[[ Given data, beginning ]]
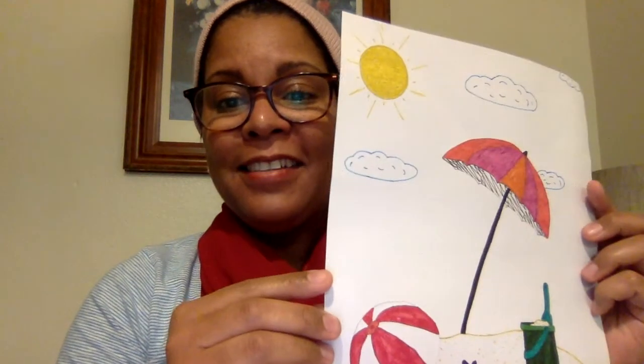Let me show you mine. Which one is this season? Summer! Summer is my favorite season. I love summer because I can go to the beach and swim and have fun with my friends.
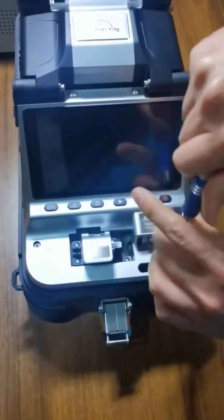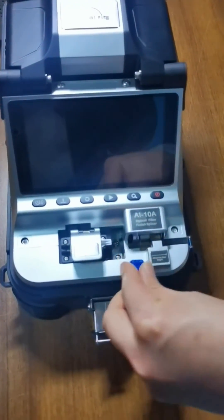Done. After completing the job, perform attention calibration, then it can be used normally. We'll see you next time.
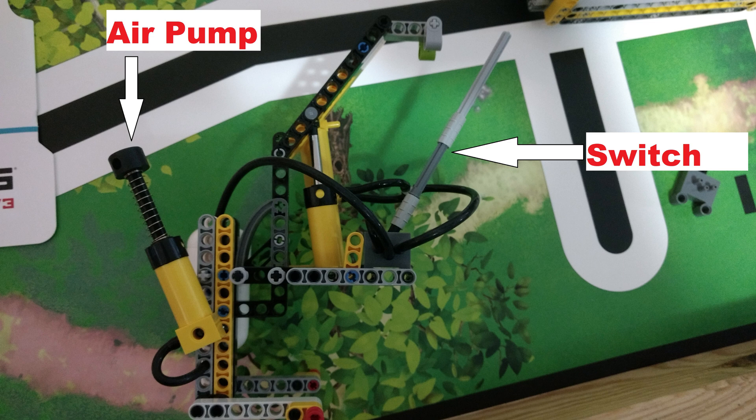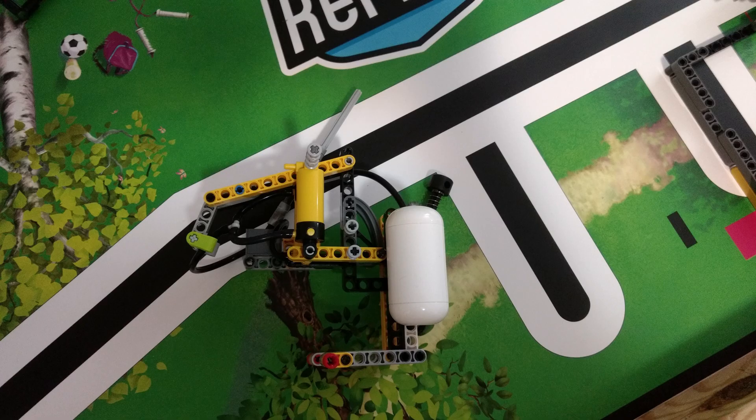To add this compressed air, I manually pump the air into the tank before the match starts. A switch will control the claw, making it open or close.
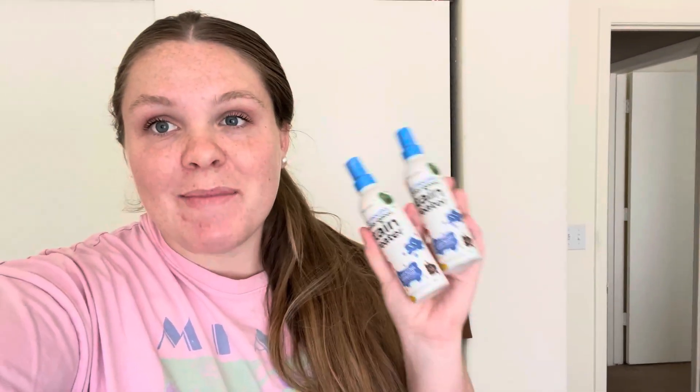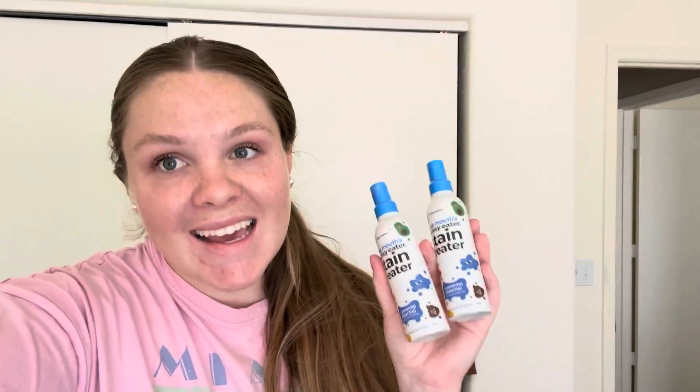Hi guys, my name is Emily and I just wanted to hop on quick and give my honest and unbiased review on this Miss Mouse Messy Eater Stain Treater. This has been a parent essential. I have a one-year-old now and he is quite a messy eater and this is definitely necessary with food getting everywhere, especially on his clothes.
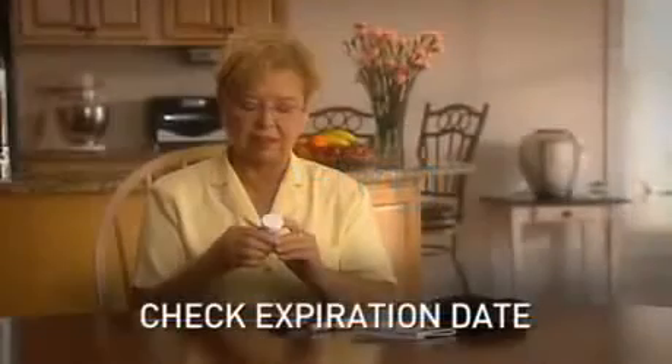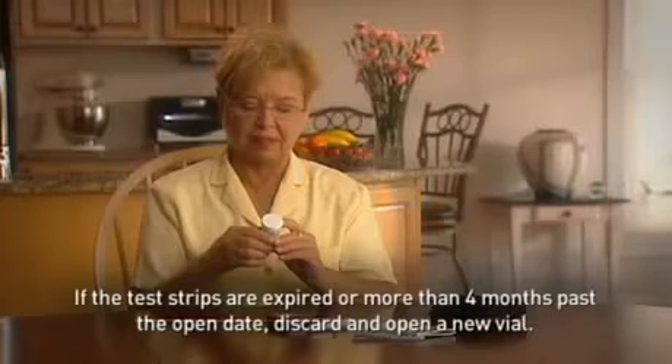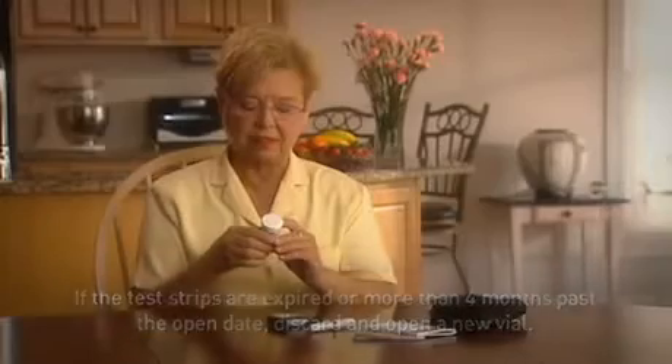Now let's perform a blood glucose test. Make sure you check the expiration date on the test strip vial before testing. If the test strips are expired or more than four months past the open date, throw them away and open a new vial. This simple yet critical step will ensure testing accuracy.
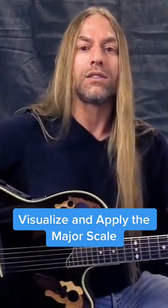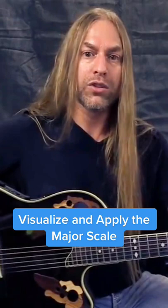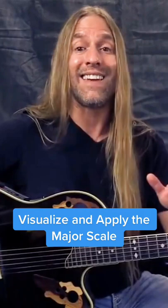The goal is to take a major scale — do, re, mi, fa, sol, la, ti, do — and learn to visualize it on the fretboard, and then apply all the chords that are necessary to that, and then we can move it to any key we want.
[[ Given data, end ]]
#### Brief:
Pictures aside, reproduce all of the data exactly.

#### Written answer:
Let me show you mine. Which one is this season? Summer! Summer is my favorite season. I love summer because I can go to the beach and swim and have fun with my friends.
Done. After completing the job, perform attention calibration, then it can be used normally. We'll see you next time.
To add this compressed air, I manually pump the air into the tank before the match starts. A switch will control the claw, making it open or close.
Hi guys, my name is Emily and I just wanted to hop on quick and give my honest and unbiased review on this Miss Mouse Messy Eater Stain Treater. This has been a parent essential. I have a one-year-old now and he is quite a messy eater and this is definitely necessary with food getting everywhere, especially on his clothes.
Now let's perform a blood glucose test. Make sure you check the expiration date on the test strip vial before testing. If the test strips are expired or more than four months past the open date, throw them away and open a new vial. This simple yet critical step will ensure testing accuracy.
The goal is to take a major scale — do, re, mi, fa, sol, la, ti, do — and learn to visualize it on the fretboard, and then apply all the chords that are necessary to that, and then we can move it to any key we want.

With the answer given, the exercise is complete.